Mounting an NFS share is definitely doable, and it appears to support multi-pathing. Right now, the Win 2012 server accessing the iSCSI share has MPIO configured already in ESXi through separate vmnics. Should NFS yield better performance with less fragmenting and processing overhead? SMB/CIFS does't seem to be a very good choice since it is single threaded.

NFS from ESXi has approximately the same problem with writes causing fragmentation.
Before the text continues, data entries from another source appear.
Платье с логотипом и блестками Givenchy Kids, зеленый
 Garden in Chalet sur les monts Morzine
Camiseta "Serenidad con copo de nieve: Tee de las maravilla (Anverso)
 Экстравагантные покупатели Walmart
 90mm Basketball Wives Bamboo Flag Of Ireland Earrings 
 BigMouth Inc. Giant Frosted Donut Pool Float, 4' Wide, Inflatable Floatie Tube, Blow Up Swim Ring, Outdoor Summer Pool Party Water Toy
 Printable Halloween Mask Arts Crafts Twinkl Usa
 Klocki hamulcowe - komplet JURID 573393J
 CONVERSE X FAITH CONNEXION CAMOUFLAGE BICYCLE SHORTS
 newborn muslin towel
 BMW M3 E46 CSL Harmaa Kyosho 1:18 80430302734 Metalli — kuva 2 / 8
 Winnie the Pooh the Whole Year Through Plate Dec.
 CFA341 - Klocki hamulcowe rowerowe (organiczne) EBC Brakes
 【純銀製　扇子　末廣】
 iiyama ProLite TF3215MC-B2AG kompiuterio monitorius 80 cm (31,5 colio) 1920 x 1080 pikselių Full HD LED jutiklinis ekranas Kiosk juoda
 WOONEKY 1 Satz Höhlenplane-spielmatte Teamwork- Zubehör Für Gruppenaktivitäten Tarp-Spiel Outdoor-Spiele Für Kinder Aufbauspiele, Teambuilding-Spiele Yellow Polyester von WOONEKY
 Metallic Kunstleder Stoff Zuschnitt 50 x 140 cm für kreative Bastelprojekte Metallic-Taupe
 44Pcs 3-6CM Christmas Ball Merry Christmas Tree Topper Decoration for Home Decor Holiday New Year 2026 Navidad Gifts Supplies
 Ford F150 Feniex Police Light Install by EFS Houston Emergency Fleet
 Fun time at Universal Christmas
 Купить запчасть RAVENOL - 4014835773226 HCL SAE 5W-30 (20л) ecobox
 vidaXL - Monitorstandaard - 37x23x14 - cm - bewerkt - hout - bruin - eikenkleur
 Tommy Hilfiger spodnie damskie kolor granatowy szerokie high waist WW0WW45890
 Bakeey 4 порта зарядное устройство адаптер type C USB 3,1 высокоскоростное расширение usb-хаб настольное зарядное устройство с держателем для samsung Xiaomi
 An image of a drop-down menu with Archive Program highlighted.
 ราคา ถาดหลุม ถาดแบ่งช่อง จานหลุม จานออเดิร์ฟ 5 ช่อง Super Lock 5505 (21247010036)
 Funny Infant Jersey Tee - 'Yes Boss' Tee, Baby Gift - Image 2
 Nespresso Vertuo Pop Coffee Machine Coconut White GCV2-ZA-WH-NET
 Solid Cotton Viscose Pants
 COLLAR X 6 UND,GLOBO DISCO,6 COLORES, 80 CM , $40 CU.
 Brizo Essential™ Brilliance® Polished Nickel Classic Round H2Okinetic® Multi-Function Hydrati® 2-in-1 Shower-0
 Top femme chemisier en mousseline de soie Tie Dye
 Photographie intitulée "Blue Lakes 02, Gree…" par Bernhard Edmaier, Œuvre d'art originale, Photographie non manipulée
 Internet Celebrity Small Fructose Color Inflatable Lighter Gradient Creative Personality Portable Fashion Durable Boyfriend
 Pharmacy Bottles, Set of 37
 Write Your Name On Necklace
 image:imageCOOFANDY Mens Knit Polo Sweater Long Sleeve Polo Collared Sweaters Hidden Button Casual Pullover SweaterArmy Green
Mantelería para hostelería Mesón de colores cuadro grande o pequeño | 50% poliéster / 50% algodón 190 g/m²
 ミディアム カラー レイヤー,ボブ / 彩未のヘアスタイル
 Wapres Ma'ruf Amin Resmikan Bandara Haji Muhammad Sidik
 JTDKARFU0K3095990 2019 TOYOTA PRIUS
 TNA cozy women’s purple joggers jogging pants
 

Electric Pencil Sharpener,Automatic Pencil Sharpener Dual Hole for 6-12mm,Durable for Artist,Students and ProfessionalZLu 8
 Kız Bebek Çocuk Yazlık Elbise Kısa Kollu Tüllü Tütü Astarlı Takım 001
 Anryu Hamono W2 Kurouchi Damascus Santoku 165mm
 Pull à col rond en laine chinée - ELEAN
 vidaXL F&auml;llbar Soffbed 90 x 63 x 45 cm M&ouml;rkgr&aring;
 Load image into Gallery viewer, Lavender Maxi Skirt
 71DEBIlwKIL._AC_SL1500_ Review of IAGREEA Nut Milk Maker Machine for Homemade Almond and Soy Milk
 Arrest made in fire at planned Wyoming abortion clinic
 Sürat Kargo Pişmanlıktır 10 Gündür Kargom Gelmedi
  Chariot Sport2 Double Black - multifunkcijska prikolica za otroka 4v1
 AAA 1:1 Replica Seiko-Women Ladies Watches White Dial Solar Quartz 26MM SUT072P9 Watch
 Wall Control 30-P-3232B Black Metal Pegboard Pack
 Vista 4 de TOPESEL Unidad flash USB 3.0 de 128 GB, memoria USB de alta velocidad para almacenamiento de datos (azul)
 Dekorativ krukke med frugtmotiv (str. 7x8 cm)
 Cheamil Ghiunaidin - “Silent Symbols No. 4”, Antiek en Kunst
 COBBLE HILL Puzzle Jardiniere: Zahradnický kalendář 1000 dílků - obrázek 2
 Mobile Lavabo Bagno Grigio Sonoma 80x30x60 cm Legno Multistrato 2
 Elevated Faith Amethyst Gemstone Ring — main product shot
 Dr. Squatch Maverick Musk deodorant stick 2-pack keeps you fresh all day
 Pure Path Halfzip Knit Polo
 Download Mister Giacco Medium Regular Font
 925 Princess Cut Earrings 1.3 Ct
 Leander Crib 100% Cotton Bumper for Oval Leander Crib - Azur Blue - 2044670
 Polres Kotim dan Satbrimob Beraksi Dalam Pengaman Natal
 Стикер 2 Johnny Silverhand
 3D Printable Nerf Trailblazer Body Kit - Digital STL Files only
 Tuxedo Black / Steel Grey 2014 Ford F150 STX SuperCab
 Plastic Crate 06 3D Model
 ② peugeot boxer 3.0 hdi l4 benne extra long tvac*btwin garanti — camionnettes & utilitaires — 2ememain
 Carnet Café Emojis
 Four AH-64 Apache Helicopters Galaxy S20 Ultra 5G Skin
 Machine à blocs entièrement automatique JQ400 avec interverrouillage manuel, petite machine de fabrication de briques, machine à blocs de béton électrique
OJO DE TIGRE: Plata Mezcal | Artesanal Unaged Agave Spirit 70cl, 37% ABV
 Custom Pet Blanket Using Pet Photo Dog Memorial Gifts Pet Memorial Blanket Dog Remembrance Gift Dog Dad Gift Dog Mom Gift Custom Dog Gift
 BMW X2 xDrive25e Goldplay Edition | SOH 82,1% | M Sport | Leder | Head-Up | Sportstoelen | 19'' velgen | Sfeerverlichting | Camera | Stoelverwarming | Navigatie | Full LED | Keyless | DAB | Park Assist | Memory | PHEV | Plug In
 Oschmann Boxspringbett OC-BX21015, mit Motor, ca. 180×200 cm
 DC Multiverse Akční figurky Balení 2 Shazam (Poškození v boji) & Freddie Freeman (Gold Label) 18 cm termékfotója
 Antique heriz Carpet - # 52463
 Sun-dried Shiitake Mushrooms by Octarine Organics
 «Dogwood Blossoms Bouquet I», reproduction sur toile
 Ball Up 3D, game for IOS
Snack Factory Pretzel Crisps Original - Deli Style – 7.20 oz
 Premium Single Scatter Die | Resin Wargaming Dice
You cannot really solve the fragmentation issue on a ZFS system. Ultimately, writes to the virtual disk (whether iSCSI file extent, NFS to a vmdk, etc) will cause the blocks allocated to the virtual disk to become reordered. The tendency of the client OS to be writing things that may have their own locality considerations can reduce the seriousness of that: for example, if you have a Linux VM and it updates libc during upgrades, the entire libc gets written out, and those blocks are very likely to be allocated contiguously. However, if you have a utility that "dd"'s an entire disk to another disk, it'll be reading block #123, #124, in order, then get to block #125 which is the start of the new libc, at which point the pool has to seek to get to the "updated" blocks - and then seek back again when it has read past the last of the updated blocks. That doesn't sound bad until you consider it in aggregate, for each file.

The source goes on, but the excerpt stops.